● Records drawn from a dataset
§

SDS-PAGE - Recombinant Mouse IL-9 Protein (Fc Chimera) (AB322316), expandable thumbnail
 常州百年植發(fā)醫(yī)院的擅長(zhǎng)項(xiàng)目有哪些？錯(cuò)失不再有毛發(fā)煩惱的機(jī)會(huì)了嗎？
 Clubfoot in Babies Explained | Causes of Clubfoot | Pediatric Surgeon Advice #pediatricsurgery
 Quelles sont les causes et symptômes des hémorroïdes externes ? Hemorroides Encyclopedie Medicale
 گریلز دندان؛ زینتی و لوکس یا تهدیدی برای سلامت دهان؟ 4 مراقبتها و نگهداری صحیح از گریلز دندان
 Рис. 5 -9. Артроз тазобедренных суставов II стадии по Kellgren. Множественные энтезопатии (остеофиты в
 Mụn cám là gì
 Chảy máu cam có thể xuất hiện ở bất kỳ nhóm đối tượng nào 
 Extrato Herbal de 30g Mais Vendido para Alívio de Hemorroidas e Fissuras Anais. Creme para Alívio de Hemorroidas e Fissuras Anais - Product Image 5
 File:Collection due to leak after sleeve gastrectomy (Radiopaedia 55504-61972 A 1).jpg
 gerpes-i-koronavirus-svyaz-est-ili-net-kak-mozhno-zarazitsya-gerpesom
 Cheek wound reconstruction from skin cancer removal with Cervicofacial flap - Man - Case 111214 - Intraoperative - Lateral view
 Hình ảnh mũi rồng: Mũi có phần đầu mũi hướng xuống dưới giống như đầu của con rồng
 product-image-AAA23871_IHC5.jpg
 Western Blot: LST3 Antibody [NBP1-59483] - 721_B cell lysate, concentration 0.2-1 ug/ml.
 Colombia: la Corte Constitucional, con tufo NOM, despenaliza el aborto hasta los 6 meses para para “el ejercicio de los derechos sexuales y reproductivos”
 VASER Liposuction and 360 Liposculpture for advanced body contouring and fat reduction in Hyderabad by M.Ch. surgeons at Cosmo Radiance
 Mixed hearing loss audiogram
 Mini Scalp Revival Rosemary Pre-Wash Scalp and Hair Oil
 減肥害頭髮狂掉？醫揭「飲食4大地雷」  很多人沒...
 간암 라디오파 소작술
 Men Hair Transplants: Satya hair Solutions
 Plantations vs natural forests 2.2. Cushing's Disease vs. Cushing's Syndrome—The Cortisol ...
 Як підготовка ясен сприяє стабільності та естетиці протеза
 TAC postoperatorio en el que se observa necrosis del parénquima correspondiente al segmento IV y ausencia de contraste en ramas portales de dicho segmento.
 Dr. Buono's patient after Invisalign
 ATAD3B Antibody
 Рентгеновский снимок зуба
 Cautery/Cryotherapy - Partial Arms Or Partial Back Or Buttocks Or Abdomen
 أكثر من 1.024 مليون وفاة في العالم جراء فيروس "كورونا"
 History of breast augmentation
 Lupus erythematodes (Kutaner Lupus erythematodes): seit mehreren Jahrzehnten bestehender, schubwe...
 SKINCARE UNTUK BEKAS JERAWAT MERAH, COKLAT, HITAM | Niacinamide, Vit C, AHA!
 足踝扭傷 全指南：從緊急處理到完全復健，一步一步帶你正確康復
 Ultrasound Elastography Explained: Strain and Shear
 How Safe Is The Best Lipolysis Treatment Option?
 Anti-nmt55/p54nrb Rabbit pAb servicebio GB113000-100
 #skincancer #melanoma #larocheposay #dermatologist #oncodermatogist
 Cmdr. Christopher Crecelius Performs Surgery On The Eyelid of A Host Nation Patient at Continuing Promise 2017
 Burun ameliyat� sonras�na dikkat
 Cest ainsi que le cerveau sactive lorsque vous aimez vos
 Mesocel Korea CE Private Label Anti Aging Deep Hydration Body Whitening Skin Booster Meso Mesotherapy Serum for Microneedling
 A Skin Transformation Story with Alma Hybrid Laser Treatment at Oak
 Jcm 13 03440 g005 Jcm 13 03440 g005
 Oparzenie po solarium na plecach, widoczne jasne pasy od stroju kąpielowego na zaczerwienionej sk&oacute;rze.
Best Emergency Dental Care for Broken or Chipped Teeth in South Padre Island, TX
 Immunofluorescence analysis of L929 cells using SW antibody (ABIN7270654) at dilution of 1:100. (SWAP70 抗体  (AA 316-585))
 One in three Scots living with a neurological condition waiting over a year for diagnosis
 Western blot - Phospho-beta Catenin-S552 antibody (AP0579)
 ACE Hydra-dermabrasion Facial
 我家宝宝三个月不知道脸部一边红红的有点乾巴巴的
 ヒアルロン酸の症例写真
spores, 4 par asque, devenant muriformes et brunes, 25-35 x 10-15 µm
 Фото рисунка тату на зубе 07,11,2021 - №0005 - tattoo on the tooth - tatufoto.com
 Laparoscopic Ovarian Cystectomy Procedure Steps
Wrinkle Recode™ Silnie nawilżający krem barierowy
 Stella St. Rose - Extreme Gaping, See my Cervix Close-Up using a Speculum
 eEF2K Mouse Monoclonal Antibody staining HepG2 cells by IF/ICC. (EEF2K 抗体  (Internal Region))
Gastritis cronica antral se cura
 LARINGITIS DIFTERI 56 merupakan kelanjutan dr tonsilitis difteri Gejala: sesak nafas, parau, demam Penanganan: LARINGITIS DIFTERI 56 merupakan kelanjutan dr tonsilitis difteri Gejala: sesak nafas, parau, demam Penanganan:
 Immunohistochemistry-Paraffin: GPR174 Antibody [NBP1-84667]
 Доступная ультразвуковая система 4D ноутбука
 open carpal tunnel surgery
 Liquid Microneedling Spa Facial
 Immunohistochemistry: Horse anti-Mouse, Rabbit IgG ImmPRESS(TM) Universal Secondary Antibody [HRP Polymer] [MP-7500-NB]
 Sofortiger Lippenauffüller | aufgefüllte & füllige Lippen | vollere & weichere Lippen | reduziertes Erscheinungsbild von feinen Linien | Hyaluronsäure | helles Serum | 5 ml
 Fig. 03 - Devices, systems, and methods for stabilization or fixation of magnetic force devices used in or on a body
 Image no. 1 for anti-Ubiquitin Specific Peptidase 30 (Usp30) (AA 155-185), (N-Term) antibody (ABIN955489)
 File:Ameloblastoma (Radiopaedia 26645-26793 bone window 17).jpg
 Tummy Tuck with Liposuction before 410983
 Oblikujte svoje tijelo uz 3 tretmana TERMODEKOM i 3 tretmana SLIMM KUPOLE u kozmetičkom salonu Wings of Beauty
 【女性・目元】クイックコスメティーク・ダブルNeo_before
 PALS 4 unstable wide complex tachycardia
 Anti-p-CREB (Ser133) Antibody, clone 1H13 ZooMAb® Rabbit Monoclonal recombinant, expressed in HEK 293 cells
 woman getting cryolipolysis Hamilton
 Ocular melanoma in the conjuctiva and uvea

§

● Exercise instructions
Each entry should be retyped exactly as given.

● Solution to this problem
SDS-PAGE - Recombinant Mouse IL-9 Protein (Fc Chimera) (AB322316), expandable thumbnail
 常州百年植發(fā)醫(yī)院的擅長(zhǎng)項(xiàng)目有哪些？錯(cuò)失不再有毛發(fā)煩惱的機(jī)會(huì)了嗎？
 Clubfoot in Babies Explained | Causes of Clubfoot | Pediatric Surgeon Advice #pediatricsurgery
 Quelles sont les causes et symptômes des hémorroïdes externes ? Hemorroides Encyclopedie Medicale
 گریلز دندان؛ زینتی و لوکس یا تهدیدی برای سلامت دهان؟ 4 مراقبتها و نگهداری صحیح از گریلز دندان
 Рис. 5 -9. Артроз тазобедренных суставов II стадии по Kellgren. Множественные энтезопатии (остеофиты в
 Mụn cám là gì
 Chảy máu cam có thể xuất hiện ở bất kỳ nhóm đối tượng nào 
 Extrato Herbal de 30g Mais Vendido para Alívio de Hemorroidas e Fissuras Anais. Creme para Alívio de Hemorroidas e Fissuras Anais - Product Image 5
 File:Collection due to leak after sleeve gastrectomy (Radiopaedia 55504-61972 A 1).jpg
 gerpes-i-koronavirus-svyaz-est-ili-net-kak-mozhno-zarazitsya-gerpesom
 Cheek wound reconstruction from skin cancer removal with Cervicofacial flap - Man - Case 111214 - Intraoperative - Lateral view
 Hình ảnh mũi rồng: Mũi có phần đầu mũi hướng xuống dưới giống như đầu của con rồng
 product-image-AAA23871_IHC5.jpg
 Western Blot: LST3 Antibody [NBP1-59483] - 721_B cell lysate, concentration 0.2-1 ug/ml.
 Colombia: la Corte Constitucional, con tufo NOM, despenaliza el aborto hasta los 6 meses para para “el ejercicio de los derechos sexuales y reproductivos”
 VASER Liposuction and 360 Liposculpture for advanced body contouring and fat reduction in Hyderabad by M.Ch. surgeons at Cosmo Radiance
 Mixed hearing loss audiogram
 Mini Scalp Revival Rosemary Pre-Wash Scalp and Hair Oil
 減肥害頭髮狂掉？醫揭「飲食4大地雷」  很多人沒...
 간암 라디오파 소작술
 Men Hair Transplants: Satya hair Solutions
 Plantations vs natural forests 2.2. Cushing's Disease vs. Cushing's Syndrome—The Cortisol ...
 Як підготовка ясен сприяє стабільності та естетиці протеза
 TAC postoperatorio en el que se observa necrosis del parénquima correspondiente al segmento IV y ausencia de contraste en ramas portales de dicho segmento.
 Dr. Buono's patient after Invisalign
 ATAD3B Antibody
 Рентгеновский снимок зуба
 Cautery/Cryotherapy - Partial Arms Or Partial Back Or Buttocks Or Abdomen
 أكثر من 1.024 مليون وفاة في العالم جراء فيروس "كورونا"
 History of breast augmentation
 Lupus erythematodes (Kutaner Lupus erythematodes): seit mehreren Jahrzehnten bestehender, schubwe...
 SKINCARE UNTUK BEKAS JERAWAT MERAH, COKLAT, HITAM | Niacinamide, Vit C, AHA!
 足踝扭傷 全指南：從緊急處理到完全復健，一步一步帶你正確康復
 Ultrasound Elastography Explained: Strain and Shear
 How Safe Is The Best Lipolysis Treatment Option?
 Anti-nmt55/p54nrb Rabbit pAb servicebio GB113000-100
 #skincancer #melanoma #larocheposay #dermatologist #oncodermatogist
 Cmdr. Christopher Crecelius Performs Surgery On The Eyelid of A Host Nation Patient at Continuing Promise 2017
 Burun ameliyat� sonras�na dikkat
 Cest ainsi que le cerveau sactive lorsque vous aimez vos
 Mesocel Korea CE Private Label Anti Aging Deep Hydration Body Whitening Skin Booster Meso Mesotherapy Serum for Microneedling
 A Skin Transformation Story with Alma Hybrid Laser Treatment at Oak
 Jcm 13 03440 g005 Jcm 13 03440 g005
 Oparzenie po solarium na plecach, widoczne jasne pasy od stroju kąpielowego na zaczerwienionej sk&oacute;rze.
Best Emergency Dental Care for Broken or Chipped Teeth in South Padre Island, TX
 Immunofluorescence analysis of L929 cells using SW antibody (ABIN7270654) at dilution of 1:100. (SWAP70 抗体  (AA 316-585))
 One in three Scots living with a neurological condition waiting over a year for diagnosis
 Western blot - Phospho-beta Catenin-S552 antibody (AP0579)
 ACE Hydra-dermabrasion Facial
 我家宝宝三个月不知道脸部一边红红的有点乾巴巴的
 ヒアルロン酸の症例写真
spores, 4 par asque, devenant muriformes et brunes, 25-35 x 10-15 µm
 Фото рисунка тату на зубе 07,11,2021 - №0005 - tattoo on the tooth - tatufoto.com
 Laparoscopic Ovarian Cystectomy Procedure Steps
Wrinkle Recode™ Silnie nawilżający krem barierowy
 Stella St. Rose - Extreme Gaping, See my Cervix Close-Up using a Speculum
 eEF2K Mouse Monoclonal Antibody staining HepG2 cells by IF/ICC. (EEF2K 抗体  (Internal Region))
Gastritis cronica antral se cura
 LARINGITIS DIFTERI 56 merupakan kelanjutan dr tonsilitis difteri Gejala: sesak nafas, parau, demam Penanganan: LARINGITIS DIFTERI 56 merupakan kelanjutan dr tonsilitis difteri Gejala: sesak nafas, parau, demam Penanganan:
 Immunohistochemistry-Paraffin: GPR174 Antibody [NBP1-84667]
 Доступная ультразвуковая система 4D ноутбука
 open carpal tunnel surgery
 Liquid Microneedling Spa Facial
 Immunohistochemistry: Horse anti-Mouse, Rabbit IgG ImmPRESS(TM) Universal Secondary Antibody [HRP Polymer] [MP-7500-NB]
 Sofortiger Lippenauffüller | aufgefüllte & füllige Lippen | vollere & weichere Lippen | reduziertes Erscheinungsbild von feinen Linien | Hyaluronsäure | helles Serum | 5 ml
 Fig. 03 - Devices, systems, and methods for stabilization or fixation of magnetic force devices used in or on a body
 Image no. 1 for anti-Ubiquitin Specific Peptidase 30 (Usp30) (AA 155-185), (N-Term) antibody (ABIN955489)
 File:Ameloblastoma (Radiopaedia 26645-26793 bone window 17).jpg
 Tummy Tuck with Liposuction before 410983
 Oblikujte svoje tijelo uz 3 tretmana TERMODEKOM i 3 tretmana SLIMM KUPOLE u kozmetičkom salonu Wings of Beauty
 【女性・目元】クイックコスメティーク・ダブルNeo_before
 PALS 4 unstable wide complex tachycardia
 Anti-p-CREB (Ser133) Antibody, clone 1H13 ZooMAb® Rabbit Monoclonal recombinant, expressed in HEK 293 cells
 woman getting cryolipolysis Hamilton
 Ocular melanoma in the conjuctiva and uvea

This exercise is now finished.